Selenium有3個版本,分別是 Selenium 1.0、Selenium2.0、Selenium3.0;

Selenium 1.0 主要是調用JS注入到瀏覽器;最開始Selenium的作者Jason Huggins開發了JavaScriptTestRunner作爲測試工具,當時向多位同事進行了展示(這個作者也是個很有趣的靈魂)。從這個測試工具的名字上可以看出,是基於JavaScript進行的測試。這個工具也就是Selenium的“前身”。

Selenium 2.0 基於 WebDriver 提供的API,進行瀏覽器的元素操作。WebDriver 是一個測試框架也可以說是一個集成的API接口庫。

Selenium 3.0 基於 Selenium 2.0 進行擴展,基本差別不大;本文將以Selenium 3.0 版本進行技術說明。

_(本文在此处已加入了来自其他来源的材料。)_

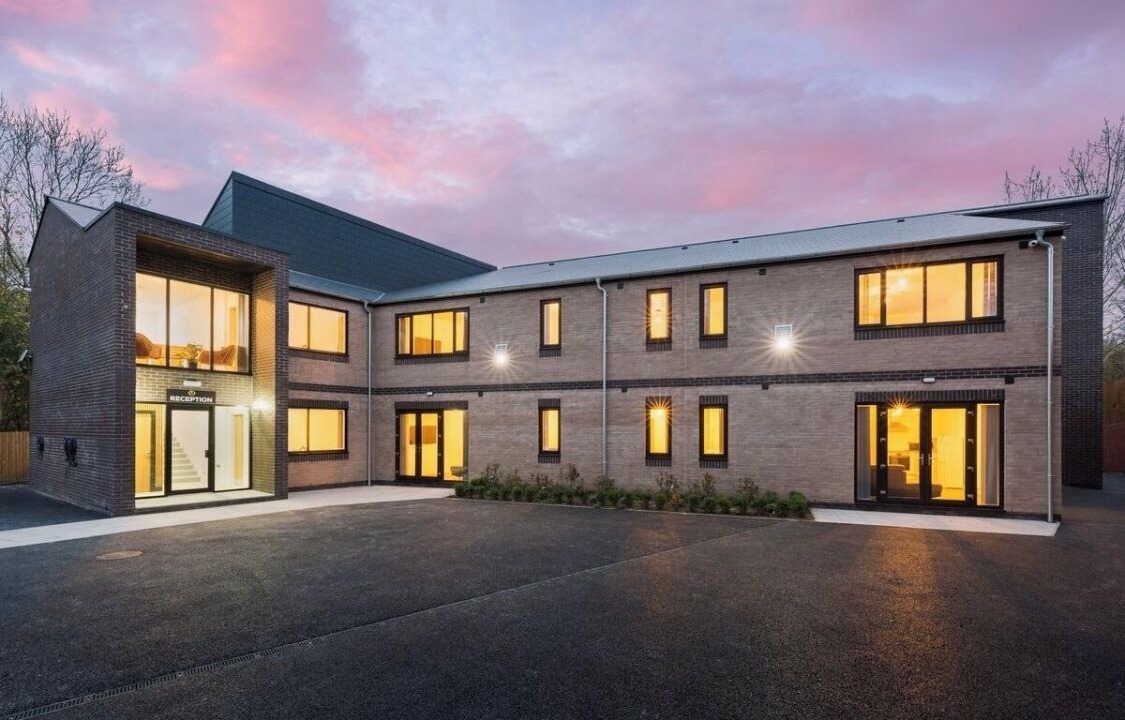 Photo of Outdoor in Brierley Hill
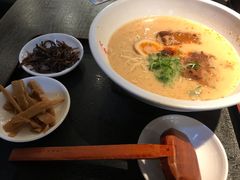 -味千拉面(又一城店)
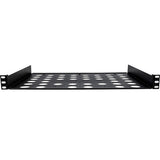 Vertiv RMK-91 | Vertiv Avocent ACS800 Rackmount Kit | 1U, 0U (RMK-91) - Rack Mount Kit, 1U tray for ACS800 ACS800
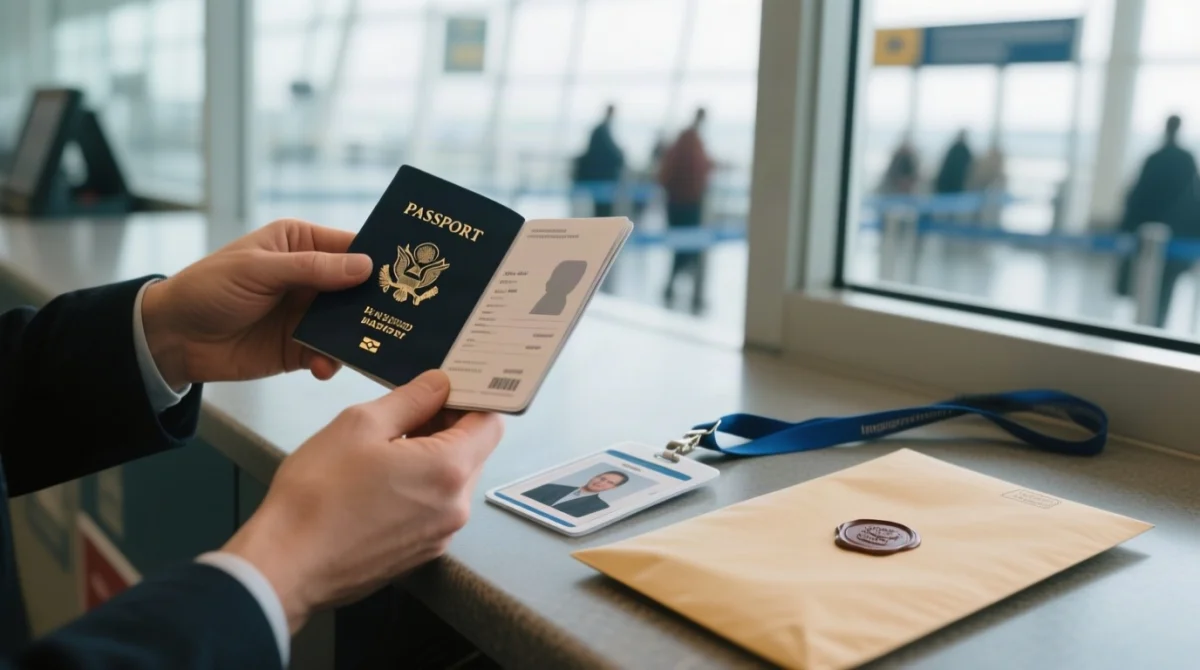Exemption Documents & Myths vs. Reality
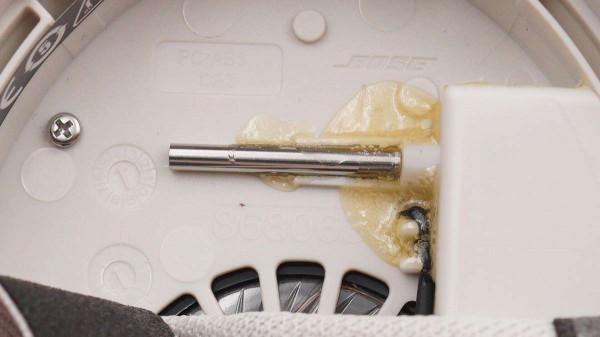 拆解報告:BOSE QuietComfort 45 頭戴式降噪耳機 拆解報告:BOSE QuietComfort 45 頭戴式降噪耳機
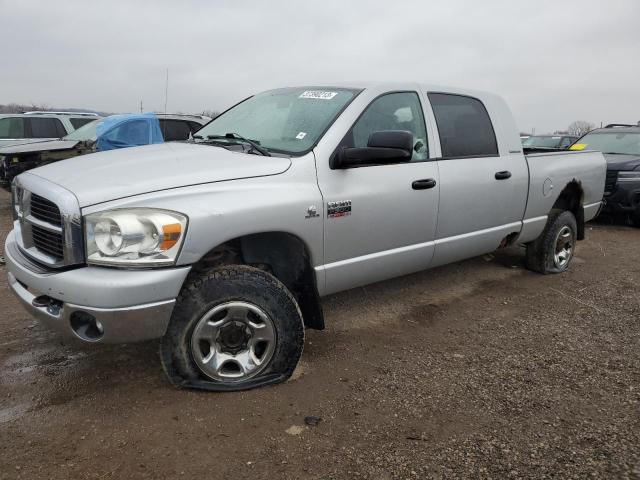 DODGE RAM 2500 2007 مع رقم تعريف المركبة 3D7KS29C37G725342 - صورة من المزاد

在官方介紹中介紹了有關支持瀏覽器的說明:“通過WebDriver,Selenium支持市場上所有主流瀏覽器,例如Chrom(ium),Firefox,Internet Explorer,Opera和Safari。

簡單開始

安裝好環境後,簡單的使用selenium讓瀏覽器打開CSDN官網。
在環境配置時需要注意:必須把驅動給配置到系統環境,或者丟到你python的根目錄下。

首先引入 webdriver :

from selenium.webdriver import Chrome

當然也可以:

from selenium import webdriver

引入方式因人而異,之後使用不同的方法新建不同的實例。

from selenium.webdriver import Chrome
driver = Chrome()

或者

from selenium import webdriver
driver = webdriver.Chrome()

一般性的python語法將不會在下文贅述。
之前所提到,需要把驅動配置到系統環境之中,但不外乎由於其它原因導致的不能驅動路徑不能加入到系統環境中,在這裏提供一個解決方法:

from selenium import webdriver
driver = webdriver.Chrome(executable_path=r'F:\python\dr\chromedriver_win32\chromedriver.exe')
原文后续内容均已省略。